Set all of the entries down again precisely as they are written.

- **Short web captions**:
--------------------------------
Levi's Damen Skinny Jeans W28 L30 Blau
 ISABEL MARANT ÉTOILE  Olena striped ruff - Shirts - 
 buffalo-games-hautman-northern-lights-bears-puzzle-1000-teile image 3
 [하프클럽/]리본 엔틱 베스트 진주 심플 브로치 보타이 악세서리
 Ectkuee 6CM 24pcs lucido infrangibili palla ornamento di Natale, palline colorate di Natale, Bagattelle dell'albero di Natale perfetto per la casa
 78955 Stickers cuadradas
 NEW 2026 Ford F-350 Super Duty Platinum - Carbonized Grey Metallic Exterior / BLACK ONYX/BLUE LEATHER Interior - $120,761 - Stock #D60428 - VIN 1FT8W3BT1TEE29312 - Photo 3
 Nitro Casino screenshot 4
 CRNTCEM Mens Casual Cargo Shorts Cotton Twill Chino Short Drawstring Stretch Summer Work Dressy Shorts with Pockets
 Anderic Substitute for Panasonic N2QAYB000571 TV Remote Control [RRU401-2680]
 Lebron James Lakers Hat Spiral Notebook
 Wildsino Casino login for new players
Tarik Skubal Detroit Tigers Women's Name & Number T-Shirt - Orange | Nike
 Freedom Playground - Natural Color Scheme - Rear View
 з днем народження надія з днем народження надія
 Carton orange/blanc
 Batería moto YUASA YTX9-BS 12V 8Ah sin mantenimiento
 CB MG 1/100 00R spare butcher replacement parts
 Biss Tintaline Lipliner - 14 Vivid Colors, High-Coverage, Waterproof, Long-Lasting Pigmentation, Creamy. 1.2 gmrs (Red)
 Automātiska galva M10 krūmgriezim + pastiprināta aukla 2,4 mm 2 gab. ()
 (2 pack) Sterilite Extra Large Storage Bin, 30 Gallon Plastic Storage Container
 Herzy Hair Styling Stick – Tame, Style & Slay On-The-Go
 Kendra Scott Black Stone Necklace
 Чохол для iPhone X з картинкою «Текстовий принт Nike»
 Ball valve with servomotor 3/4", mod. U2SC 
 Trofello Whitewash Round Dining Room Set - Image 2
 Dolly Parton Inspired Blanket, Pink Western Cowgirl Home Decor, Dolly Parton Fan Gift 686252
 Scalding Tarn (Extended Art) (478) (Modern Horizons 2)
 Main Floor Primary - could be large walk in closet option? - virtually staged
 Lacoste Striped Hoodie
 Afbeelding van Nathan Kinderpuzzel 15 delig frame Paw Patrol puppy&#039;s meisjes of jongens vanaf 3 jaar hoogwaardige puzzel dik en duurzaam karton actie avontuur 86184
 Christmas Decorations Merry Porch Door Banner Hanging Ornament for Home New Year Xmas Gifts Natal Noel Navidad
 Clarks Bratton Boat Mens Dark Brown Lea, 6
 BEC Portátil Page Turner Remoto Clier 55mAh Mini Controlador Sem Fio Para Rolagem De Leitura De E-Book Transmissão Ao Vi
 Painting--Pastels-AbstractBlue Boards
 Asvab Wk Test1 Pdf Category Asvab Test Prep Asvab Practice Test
--------------------------------
- **Response**:
Levi's Damen Skinny Jeans W28 L30 Blau
 ISABEL MARANT ÉTOILE  Olena striped ruff - Shirts - 
 buffalo-games-hautman-northern-lights-bears-puzzle-1000-teile image 3
 [하프클럽/]리본 엔틱 베스트 진주 심플 브로치 보타이 악세서리
 Ectkuee 6CM 24pcs lucido infrangibili palla ornamento di Natale, palline colorate di Natale, Bagattelle dell'albero di Natale perfetto per la casa
 78955 Stickers cuadradas
 NEW 2026 Ford F-350 Super Duty Platinum - Carbonized Grey Metallic Exterior / BLACK ONYX/BLUE LEATHER Interior - $120,761 - Stock #D60428 - VIN 1FT8W3BT1TEE29312 - Photo 3
 Nitro Casino screenshot 4
 CRNTCEM Mens Casual Cargo Shorts Cotton Twill Chino Short Drawstring Stretch Summer Work Dressy Shorts with Pockets
 Anderic Substitute for Panasonic N2QAYB000571 TV Remote Control [RRU401-2680]
 Lebron James Lakers Hat Spiral Notebook
 Wildsino Casino login for new players
Tarik Skubal Detroit Tigers Women's Name & Number T-Shirt - Orange | Nike
 Freedom Playground - Natural Color Scheme - Rear View
 з днем народження надія з днем народження надія
 Carton orange/blanc
 Batería moto YUASA YTX9-BS 12V 8Ah sin mantenimiento
 CB MG 1/100 00R spare butcher replacement parts
 Biss Tintaline Lipliner - 14 Vivid Colors, High-Coverage, Waterproof, Long-Lasting Pigmentation, Creamy. 1.2 gmrs (Red)
 Automātiska galva M10 krūmgriezim + pastiprināta aukla 2,4 mm 2 gab. ()
 (2 pack) Sterilite Extra Large Storage Bin, 30 Gallon Plastic Storage Container
 Herzy Hair Styling Stick – Tame, Style & Slay On-The-Go
 Kendra Scott Black Stone Necklace
 Чохол для iPhone X з картинкою «Текстовий принт Nike»
 Ball valve with servomotor 3/4", mod. U2SC 
 Trofello Whitewash Round Dining Room Set - Image 2
 Dolly Parton Inspired Blanket, Pink Western Cowgirl Home Decor, Dolly Parton Fan Gift 686252
 Scalding Tarn (Extended Art) (478) (Modern Horizons 2)
 Main Floor Primary - could be large walk in closet option? - virtually staged
 Lacoste Striped Hoodie
 Afbeelding van Nathan Kinderpuzzel 15 delig frame Paw Patrol puppy&#039;s meisjes of jongens vanaf 3 jaar hoogwaardige puzzel dik en duurzaam karton actie avontuur 86184
 Christmas Decorations Merry Porch Door Banner Hanging Ornament for Home New Year Xmas Gifts Natal Noel Navidad
 Clarks Bratton Boat Mens Dark Brown Lea, 6
 BEC Portátil Page Turner Remoto Clier 55mAh Mini Controlador Sem Fio Para Rolagem De Leitura De E-Book Transmissão Ao Vi
 Painting--Pastels-AbstractBlue Boards
 Asvab Wk Test1 Pdf Category Asvab Test Prep Asvab Practice Test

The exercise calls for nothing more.